August 6, 2004
Passport ID Technology Has High Error Rate
The State Department is moving ahead with a plan to implant
electronic identification chips in U.S. passports that will allow computer
matching of facial characteristics, despite warnings that the technology is
prone to a high rate of error.
Federal researchers, academics, industry experts and some
privacy advocates say the government should instead use more-reliable
fingerprints to help thwart potential terrorists.
The enhanced U.S. passports, scheduled to be issued next
spring for people obtaining new or renewed passports, will be the first to
include what is known as biometric information. Such data, which can be a
fingerprint, a picture of parts of eyes or of facial characteristics, is used
to verify identity and help prevent forgery.
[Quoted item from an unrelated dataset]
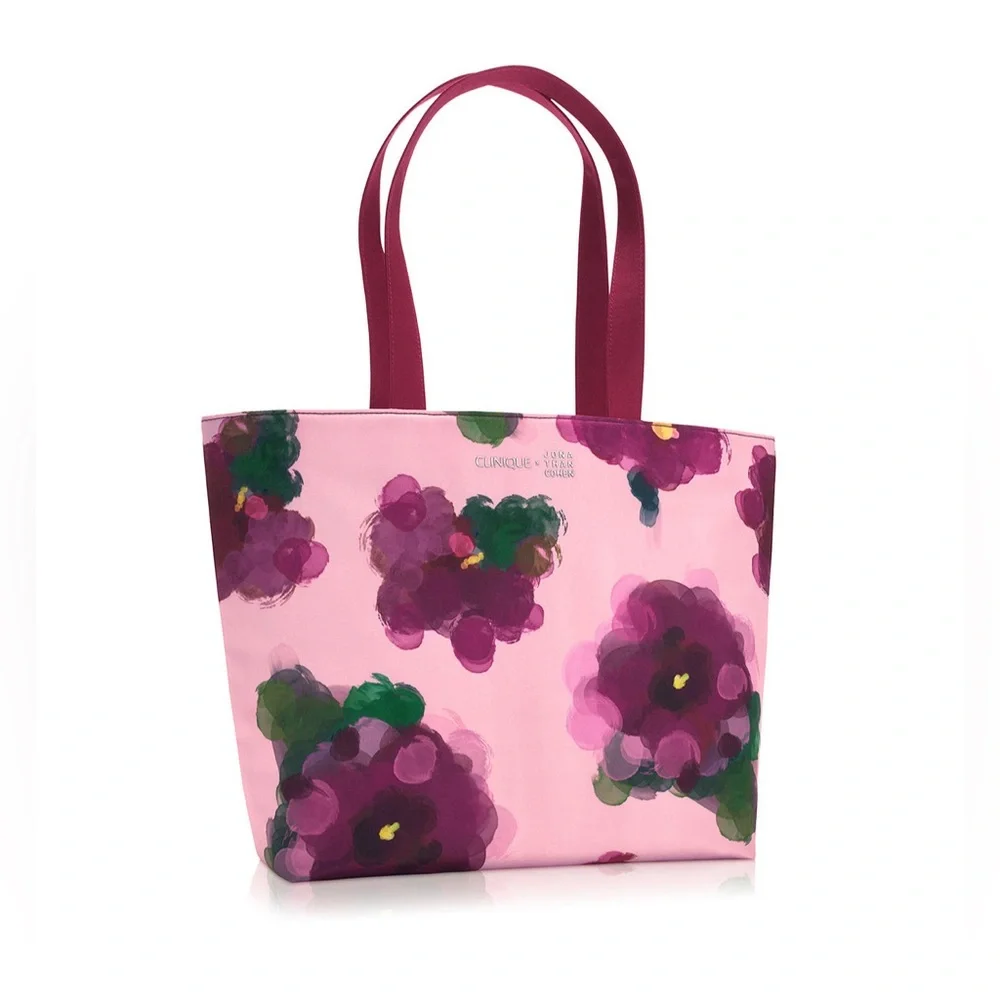 Clinique x Jonathan Cohen Beauty Bundle: Tote, Cosmetic Case and 4 products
Under State Department specifications finalized this month
for companies to bid on the new system, a chip woven into the cover of the
passport would contain a digital photograph of the traveler's face. That photo
could then be compared with an image of the traveler taken at the passport
control station, and also matched against photos of people on government watch
lists.
The department chose face recognition to be consistent with
standards being adopted by other nations, officials said. Those who drafted the
standards reasoned that travelers are accustomed to submitting photographs and
would find giving fingerprints to be intrusive.
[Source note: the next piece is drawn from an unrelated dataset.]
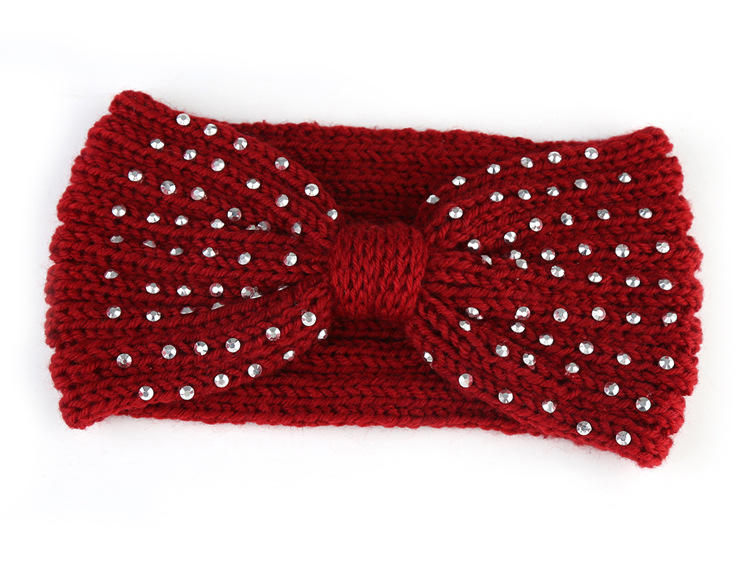 สีแดงเข้ม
But federal researchers who have tested face-recognition technology
say its error rate is unacceptably high – up to 50 percent if photographs are
taken without proper lighting. They say the error rate is far lower for
fingerprints, which could be added to the chip without violating the
international standard.
The new system would differ from U.S. requirements for many
foreign travelers, who are fingerprinted when they apply for visas to visit the
United States. The visitors then have their fingers scanned when they enter the
country to compare against the data on the visa.
Similar requirements are to be imposed for travelers from
countries whose citizens do not need visas to come to the United States, who
will be fingerprinted when they arrive in the country.
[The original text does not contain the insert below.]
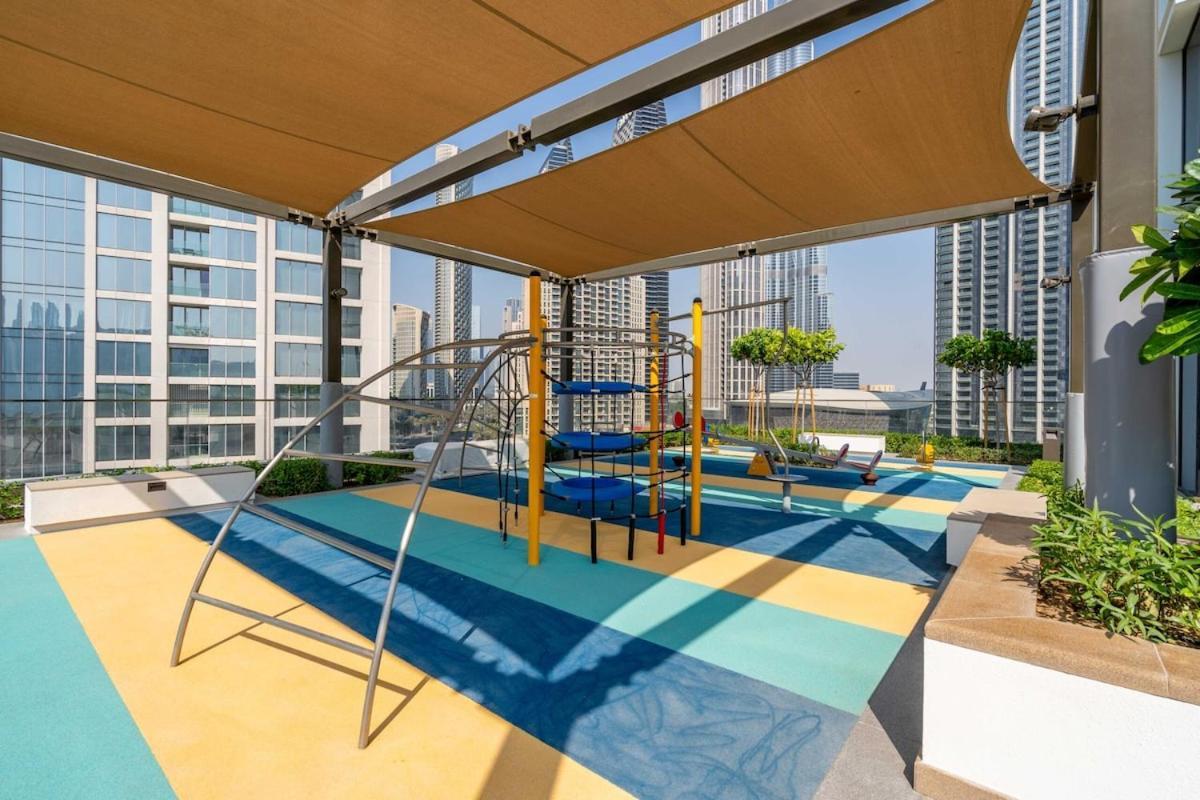 Burj Crown Luxury - 4br - Only Steps To Mall Apartment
"I don't think there's a debate," said Charles
L. Wilson, who supervises biometric testing at the National Institute of
Standards and Technology, an arm of the Commerce Department.
"Fingerprints are much better."
The concerns come at a time of heightened terrorism alerts
and urgent calls for changes in national security from the commission
investigating the Sept. 11, 2001, attacks. Among its many recommendations were
quick adoption of biometric passports and more secure drivers' licenses, though
the commission did not specify which type of data should be used.
Last weekend, government sources told The Washington Post
that a South African woman was under investigation for possible terrorist
connections after she apparently walked or swam across the Mexico-U.S. border
last month. The South African passport she presented to authorities at
McAllen-Miller International Airport in Texas appeared to have been altered,
the sources said, leading to her detention.
The State Department settled on face recognition as the
biometric to comply with specifications set by the International Civil Aviation
Organization, a Montreal-based standards agency affiliated with the United
Nations.
In seeking to have countries use one common biometric to aid
anti-terrorism efforts, the international group designated face recognition two
years ago in part because it would be easiest for most countries to implement
and it was deemed the least likely to raise privacy concerns.
"Facial photographs do not disclose information that
the person does not routinely disclose to the general public," the group
said in a final technical report issued in May. "The photograph . . . is
already socially and culturally accepted internationally."
But while the agency set face recognition as a standard, it
said countries could add one or two other approved biometrics: fingerprints and
scans of the eye's iris. Several European countries are considering adding
fingerprints to their passports.
With expiration dates varying among U.S. citizens, it will
take years for the new system to affect everyone who holds a passport. Critics
ask why the department is not adding fingerprints now –
even if they are not immediately used – rather than starting
over again later.
"The biometric that makes most sense is the fingerprint
with proper privacy and security guidelines," said Ari Schwartz, associate
director of the Center for Democracy and Technology, a think-tank on digital
policy issues. "By not taking this opportunity today, the State Department
is really missing out."
Frank E. Moss, deputy assistant secretary of state for
passport services, emphasized the importance of having a global standard for
identity verification. The U.S. government will consider adding biometrics in
the future, Moss said, but he added that several countries expressed privacy
concerns over the use of fingerprints.
Moss said adding fingerprinting stations at passport
application offices would be a serious logistical burden, with roughly 8
million new or replacement passports issued each year.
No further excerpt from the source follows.